§ **WORK REQUIRED**
Find every line of the records that has "Bracelet" and return it.

Extracted data entries:
--------------------------------------------------

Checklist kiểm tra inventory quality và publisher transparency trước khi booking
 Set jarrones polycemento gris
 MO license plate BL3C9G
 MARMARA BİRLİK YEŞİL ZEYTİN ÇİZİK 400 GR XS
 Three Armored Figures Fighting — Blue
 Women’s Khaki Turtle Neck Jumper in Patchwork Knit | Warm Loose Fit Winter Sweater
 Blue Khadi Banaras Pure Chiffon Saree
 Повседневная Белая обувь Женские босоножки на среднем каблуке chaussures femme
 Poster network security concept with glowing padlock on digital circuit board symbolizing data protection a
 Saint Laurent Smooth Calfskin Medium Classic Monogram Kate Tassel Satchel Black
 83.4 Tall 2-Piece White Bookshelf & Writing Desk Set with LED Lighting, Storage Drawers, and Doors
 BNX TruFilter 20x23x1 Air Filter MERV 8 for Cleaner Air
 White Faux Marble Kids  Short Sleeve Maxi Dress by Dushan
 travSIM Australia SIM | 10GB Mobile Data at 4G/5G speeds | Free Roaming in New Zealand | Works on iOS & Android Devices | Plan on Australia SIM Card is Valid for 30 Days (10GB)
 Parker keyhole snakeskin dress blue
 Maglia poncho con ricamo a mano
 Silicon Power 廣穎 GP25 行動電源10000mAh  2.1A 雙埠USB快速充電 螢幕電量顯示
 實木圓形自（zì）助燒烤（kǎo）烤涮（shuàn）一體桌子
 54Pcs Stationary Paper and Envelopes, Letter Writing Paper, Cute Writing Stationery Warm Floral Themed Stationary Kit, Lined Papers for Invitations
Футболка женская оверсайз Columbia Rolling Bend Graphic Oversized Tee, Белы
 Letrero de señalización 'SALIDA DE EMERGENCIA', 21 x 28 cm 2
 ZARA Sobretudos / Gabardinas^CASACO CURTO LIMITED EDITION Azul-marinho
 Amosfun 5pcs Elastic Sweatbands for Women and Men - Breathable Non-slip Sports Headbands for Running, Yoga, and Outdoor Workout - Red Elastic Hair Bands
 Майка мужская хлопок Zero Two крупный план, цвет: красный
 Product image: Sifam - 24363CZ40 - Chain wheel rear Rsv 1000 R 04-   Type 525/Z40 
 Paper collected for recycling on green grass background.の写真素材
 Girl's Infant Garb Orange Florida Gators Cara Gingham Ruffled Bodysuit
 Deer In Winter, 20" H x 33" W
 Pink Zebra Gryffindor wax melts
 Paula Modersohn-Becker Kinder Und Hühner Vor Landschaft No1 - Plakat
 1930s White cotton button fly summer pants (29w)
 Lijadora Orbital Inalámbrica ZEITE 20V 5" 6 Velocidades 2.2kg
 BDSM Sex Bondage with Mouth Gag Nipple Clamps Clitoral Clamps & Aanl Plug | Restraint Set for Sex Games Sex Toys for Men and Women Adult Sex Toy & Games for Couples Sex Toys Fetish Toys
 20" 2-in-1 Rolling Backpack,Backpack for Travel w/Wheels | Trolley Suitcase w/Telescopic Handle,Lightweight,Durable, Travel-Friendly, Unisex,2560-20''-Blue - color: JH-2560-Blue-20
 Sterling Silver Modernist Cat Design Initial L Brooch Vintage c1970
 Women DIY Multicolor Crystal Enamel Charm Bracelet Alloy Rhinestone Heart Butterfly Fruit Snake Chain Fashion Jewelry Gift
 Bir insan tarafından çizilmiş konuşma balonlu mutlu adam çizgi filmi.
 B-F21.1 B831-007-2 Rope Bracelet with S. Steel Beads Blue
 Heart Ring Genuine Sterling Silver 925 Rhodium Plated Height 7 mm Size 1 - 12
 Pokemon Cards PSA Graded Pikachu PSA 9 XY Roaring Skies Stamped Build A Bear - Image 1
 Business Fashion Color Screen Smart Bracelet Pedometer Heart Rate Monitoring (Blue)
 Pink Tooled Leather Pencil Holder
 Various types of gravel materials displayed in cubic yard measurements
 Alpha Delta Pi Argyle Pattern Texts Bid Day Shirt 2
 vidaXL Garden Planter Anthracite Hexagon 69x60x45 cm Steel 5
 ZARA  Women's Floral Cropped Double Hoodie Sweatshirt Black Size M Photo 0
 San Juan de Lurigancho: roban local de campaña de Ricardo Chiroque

--------------------------------------------------

§ **EXERCISE RESPONSE**
 Women DIY Multicolor Crystal Enamel Charm Bracelet Alloy Rhinestone Heart Butterfly Fruit Snake Chain Fashion Jewelry Gift
 B-F21.1 B831-007-2 Rope Bracelet with S. Steel Beads Blue
 Business Fashion Color Screen Smart Bracelet Pedometer Heart Rate Monitoring (Blue)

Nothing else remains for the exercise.